The legacy

More important than that this is the hundredth anniversary of Franklin Roosevelt's birth is the fact, it seems to me, that it is fifty years since he became president. None of us, after all, can recall firsthand the world of a century ago; but a good many can recall that March day in 1933 when the voice rang out on our radios assuring us that ''fear itself'' was the only thing we had to fear. I can remember, for my part, the room that I sat in, the friends that were with me, the very feel and temperature of the day. Other high moments in the Rooseveltian presidency I hear echoing almost as clearly. I had almost said I could see them clearly, for it is hard to believe that the whole vivid impression of the man came to us through the ear. Only afterward, and then only occasionally, did we behold the visual image on the newsreels of the day.

It is in the nature of great leaders that their public acts become entwined with one's personal life, giving to each narrow existence a dimension beyond the commonplace and the routine. They become, these leaders, part of the family; or more to the point, we become part of an extended human family, sharing in large events and having a sense that in some way we participate in their shaping.
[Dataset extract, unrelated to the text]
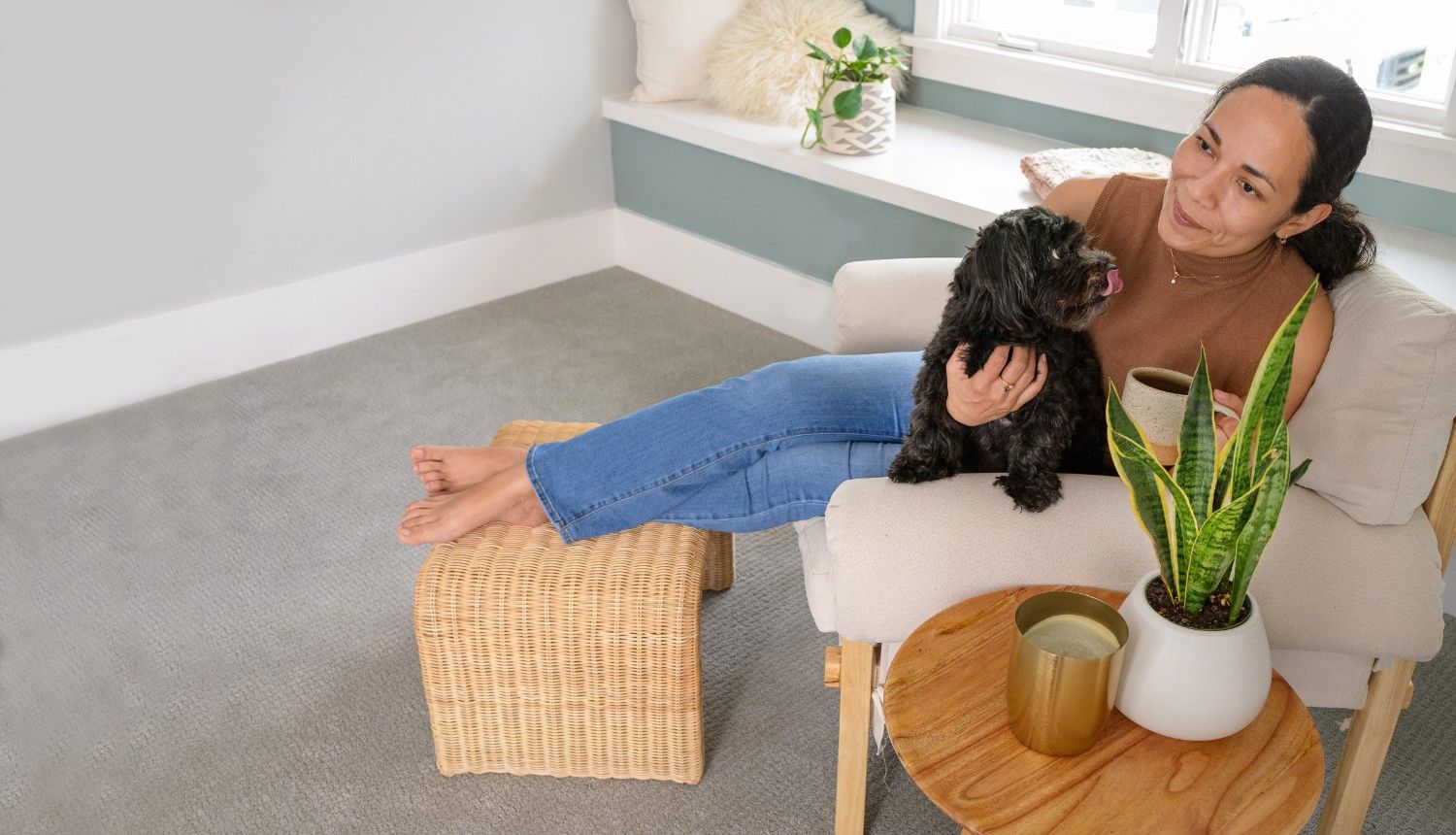 Woman relaxing with her dog in a fresh, odour-free living room after professional pet urine odour and stain removal by Eco Valley Chem-Dry in Calgary.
Franklin Roosevelt possessed in a supreme degree this gift of making us all, in some measure, public figures - all of us actors upon the stage of destiny. Even those who professed to hate the man must have felt that their lives were made the more exciting because of his buoyant, undiscourageable course.

Some of Roosevelt's reforms endure: social security, for example, seems so much a part of the inherited order it is hard to believe it was enacted through the efforts of one man at a particular moment of our history. But much of what he did turned out to be ephemeral - plans that ran out like deer-tracks, initiatives that failed or were withdrawn. It was said by some of his detractors that the Great Depression had already run its course when he became president, and by others that in peacetime he never did make a dent on the problem of unemployment. All that may be true. What was more significant was the lift he gave to men's spirits in the day of trouble - the conviction that by energy and faith they could come through to a better time.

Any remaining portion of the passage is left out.